Our Cars Week: "The Ford Mustang: Can you go home again?"
(Submitted by Car Lust reader and Carspotting: Auto Archeology Editor Michael E. Gouge)
For my fellow car lovers, there is no need to explain the bond a 16-year-old has with his first car. Mine was a 1966 Mustang in Nightmist Blue, and it opened up a world of freedom, of escapism, of pleasure in the sound of an engine purring along an open road. In other words, this angst-filled teenager discovered a home, a sanctuary, in a Mustang. Three decades hence, that old pony car--along with my youth and a new-found euphoria for the open road--are but memories.
Thomas Wolfe, the acclaimed Lost Generation author who hailed from my hometown of Asheville, N.C., famously wrote, “You can’t go home again.” The phrase comes from the title of Wolfe’s follow-up novel, published posthumously, to his thinly veiled scathing depiction of Asheville in his classic 1929 work, “Look Homeward Angel.”
Wolfe wrote, “You can’t go back home to your family, back home to your childhood, back home to romantic love, back home to a young man’s dreams of glory and fame … back home to the escapes of Time and Memory.”
I’m offering this brief note on literature because I find myself in some ways journeying back to those youthful dreams and memories Wolfe found are often ruined by time and circumstance. My time machine: A descendant of my long-lost Mustang.

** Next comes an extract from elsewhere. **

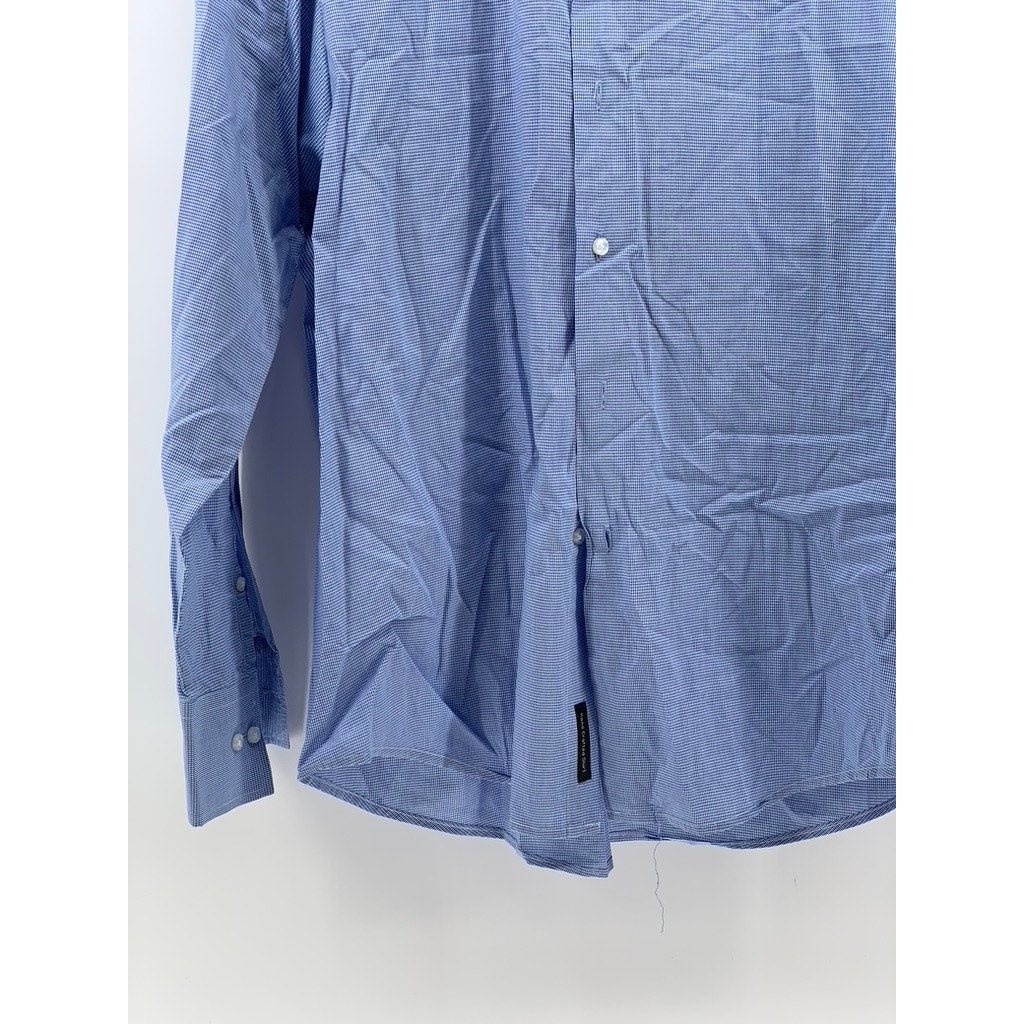 LAWRENCE HUNT Men's Blue-White Gingham Button-Up Long Sleeve Shirt SZ L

It’s true: Asheville looks much different than it did in my youth, not to mention Wolfe’s time. And the late-model Mustang I purchased a few days ago bears little in common mechanically with my old ’66, which carried me to my first job just a few hundred yards from Wolfe’s homestead. The photo above shows me with my first love. I was just 13 years old when my father purchased it.
But in some ways, I have come home again with this new pony. Behind the wheel of my latest Mustang, subtle design cues stir my memories. Everything is different, modern, even a bit bulky. But a spirit remains. Not a memory, but more like déjà vu. I catch fragments of a sensation.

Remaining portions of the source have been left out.